Johnson et al12 identified a group of patients in Denver who were super users of health care, with an average annual spending of $113,522, and found them to cluster in diagnostic and social groupings such as patients with multiple chronic diseases, terminal cancer patients, recipients of emergency inpatient dialysis, trauma patients, individuals with serious mental health diagnoses, and orthopedic surgery patients. Recipients of emergency dialysis might not even need the dialysis on an emergency basis if financial and political barriers could be overcome; similar convenience and economy could certainly be achieved for at least some of the other groups. The approaches to reducing the spending for these patients would differ depending on the diagnostic/social group, and health professions education that fostered skills of data analysis and health policy advocacy might improve the quality of care and reduce the costs for segments of the population.

Dow et al13 have described a segmentation of their institution’s patient population based on cost and types of chronic conditions and the implications for the health professions workforce. Education of interprofessional teams to manage groups of patients could be a sign of care delivery and educational excellence. Lipstein et al14 have further developed recommendations for the health workforce, based on the perceived future needs of the population, that would involve the development of teams that could address both social and health-care-related problems. Meltzer and Ruhnke15 have described ambulatory physicians who manage high-risk, high-cost patients; these physicians could lead teams of caregivers. The skills needed by such teams would likely overlap with those needed in primary care and would provide a unique skill set to coordinate specialists, social care systems, nursing, and pharmacy services. Current payment models do not adequately reimburse physicians who spend time helping to avoid a hospitalization by arranging alternative approaches to care for complex patients like Mr. Dolan, but if payments shifted away from a fee-for-service model to a population management approach, there could be more financial support for the kind of physicians described by Meltzer and Ruhnke.

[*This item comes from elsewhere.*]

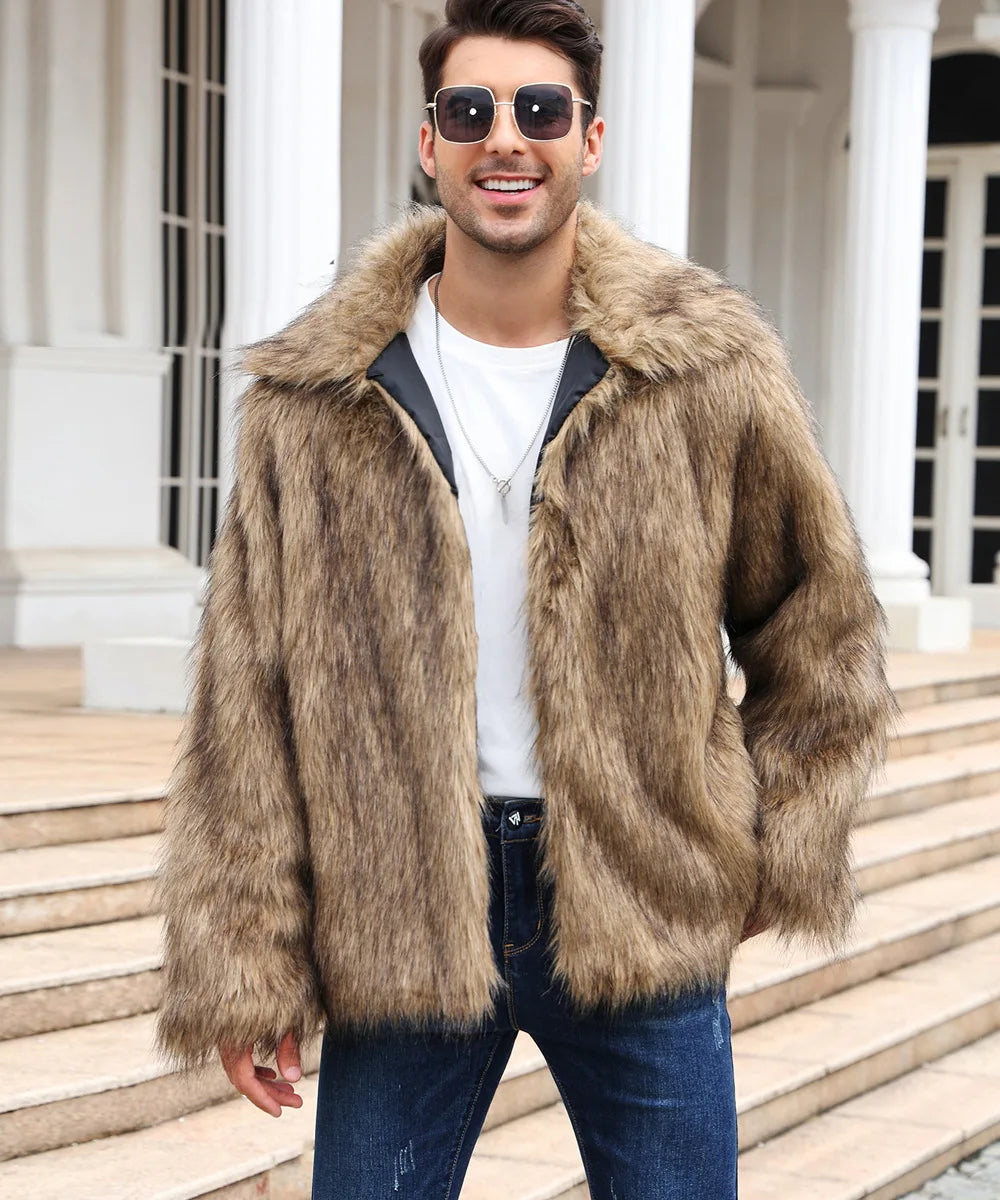 Men Faux Fox Fur Jacket Coat Winter Thick Fluffy Long Sleeve Lapel Warm Shaggy Outerwear Luxury Fur Jacket Bontjas Jackets Mens GONZALES ONLINE SHOP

How might current health professions educational programs enlarge their perspective to address the needs of populations? While medical schools have different missions, with some focused on training clinician scientists and others oriented toward primary care for underserved populations, the acknowledgment of social accountability of medical education to address workforce needs would be an important step. Canada has adopted a social accountability goal for medical education. The Association of Faculties of Medicine16 noted the need for a national approach to physician resource planning and that

medical schools collaborate with the federal, provincial, and territorial governments and other national medical educational and licensing bodies to ensure the right number and mix of physicians entering practice.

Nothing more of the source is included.